🕷 zenspider.com

by ryan davis

Looking for the Ruby Quickref?

Flay detecting identical and similar code

Published 2008-11-18 @ 01:01

Tagged flay

I said the following in my previous post about flay:

Soon I will write up why flay kicks towelee [sic], PMD, and everyone else’s tool in the ass… But I think the above is a damn good start.

There are going to be two classes of tools for this type of work: string-based tools and AST-based tools.


Towelie is Giles’ entry into the fray of ruby developer tools. Towelie is an AST-based tool that uses ParseTree to detect duplicate code at the method level.

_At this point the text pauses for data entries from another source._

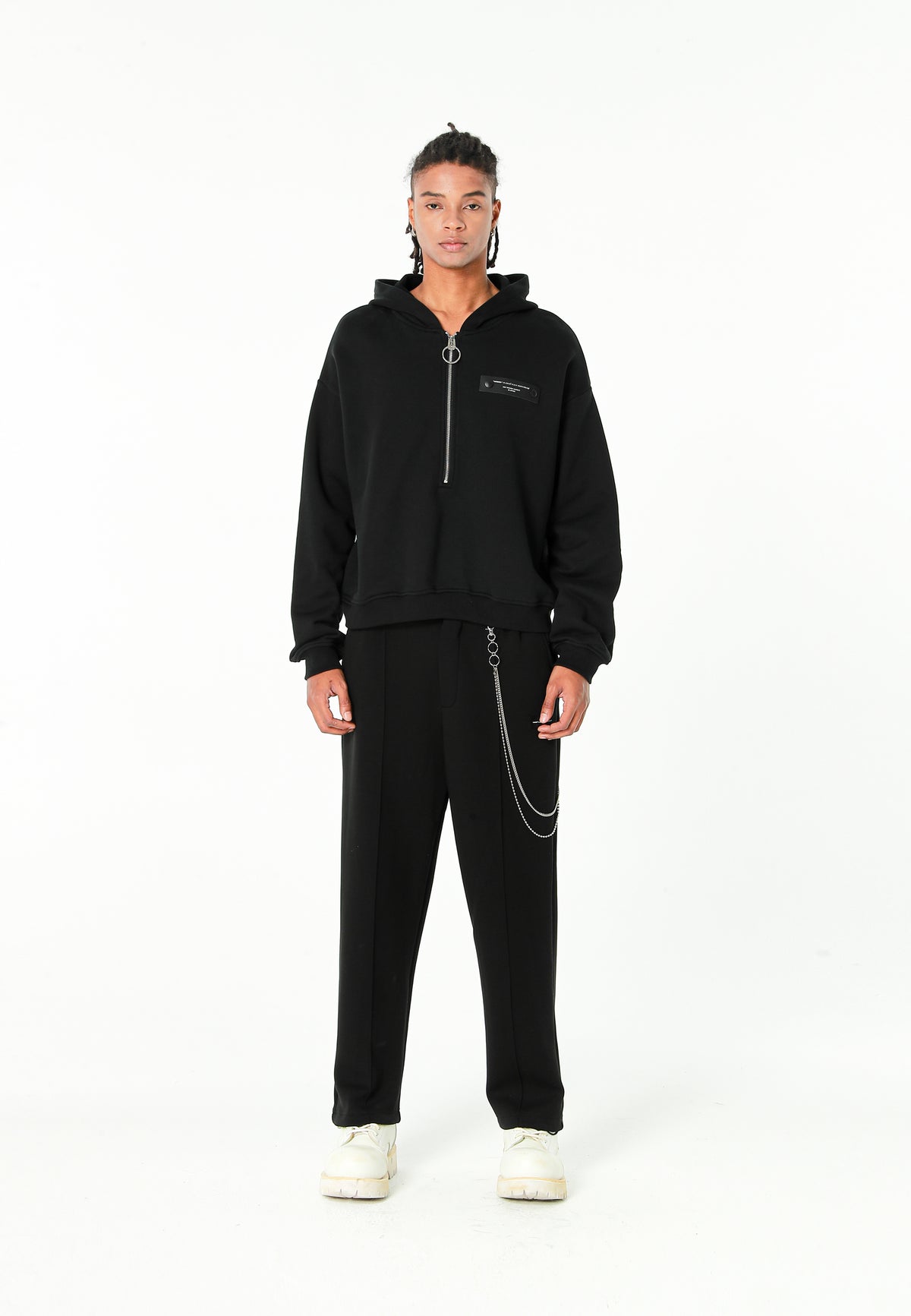 Sudadera con capucha, media cremallera y panel jacquard de chenilla con brillo | MWM [PS_COLORS:BLACK]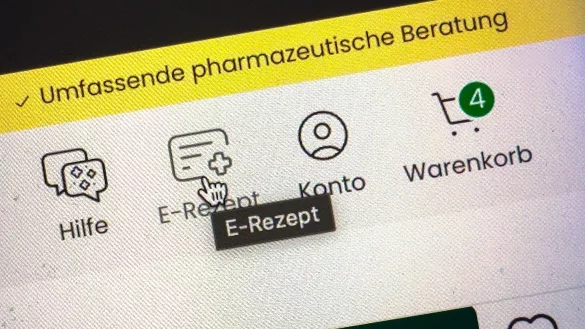 Medikamente kann man auch im Internet bestellen. (Symbolbild) - © Peter Kneffel/dpa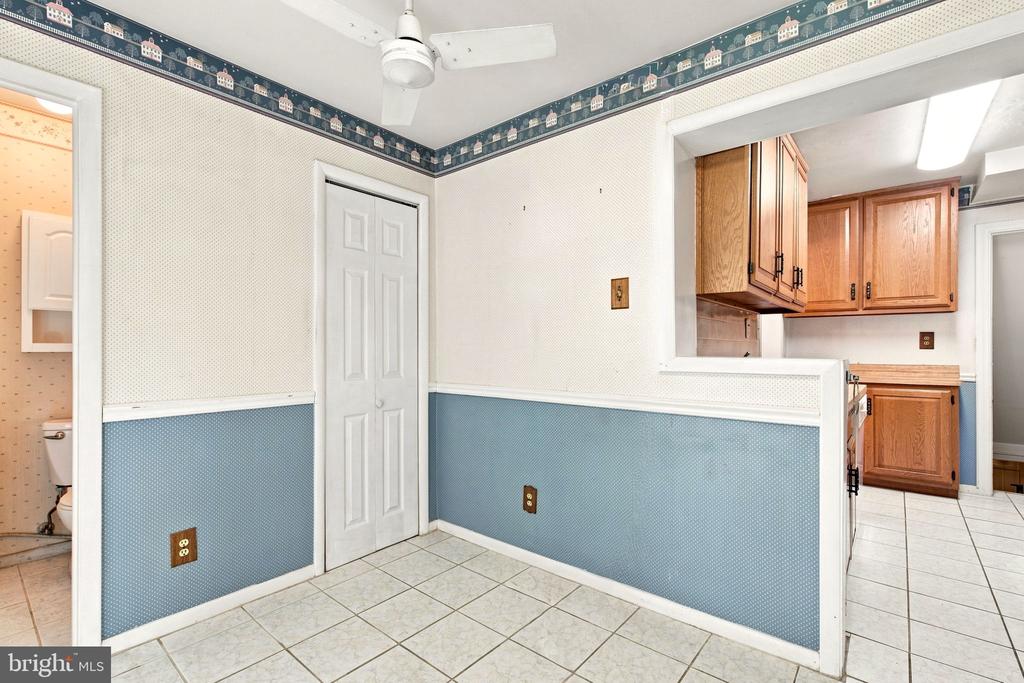 5922 EDGEHILL COURT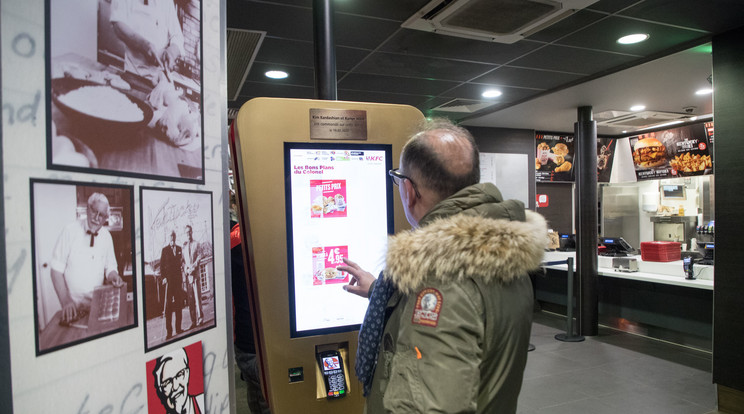 Az ország miniszterelnök-helyettese szerint ott akarják elérni az embereket, ahol a legtöbben vannak / Fotó: Northfoto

There aren’t nearly as many available to us rubyists, so it is worth a peek… But, after closer inspection, I just can’t compare the two. Yes, towelie attempts to detect duplicated (but not similar) code, but that is where the similarities end, so the comparison doesn’t seem fair.

Consider it an exercise for the reader.

PMD’s CPD, Simian, Same, etc.

On the CPD page it says that the current version “was rewritten by Steve Hawkins to use the Karp-Rabin string matching algorithm”. In other words, it is a string-based tool. This family of tools have completely different objectives than flay. They’re normalizing whitespace,stripping comments, and looking for duplicate code. That’s great… it actually finds lots and lots of good stuff and I used to use same when starting with new clients.

But… (there is always a but…)

These tools would (could!) NEVER point this out:

  Matches found in :defn (mass = 32)
    A: ../../drawr/dev/lib/drawr.rb:38
    B: ../../png/dev/lib/png.rb:181
  A: def write(file)
  B: def save(path)
  A:   File.open(file, "wb") { |f| f.write(to_s) }
  B:   File.open(path, "wb") { |f| f.write(to_blob) }

especially considering the code is actually written like this:

  def write(file); File.open(file, 'wb') { |f| f.write to_s }; end


  def save(path)
    File.open path, 'wb' do |f|
      f.write to\_blob

This is something that a duplicate code string-based scanner just can’t do. Even the simplest change like {} vs do/end or changing your line wrapping on long conditionals will be missed… lost… ignored.

So, flay has the ability to go beyond simple copy/pasted code and detect real candidates for refactoring. That is something that the java folks don’t seem to have (yet) for some reason. Certainly the foundation set by PMD means it is available, but it isn’t there yet.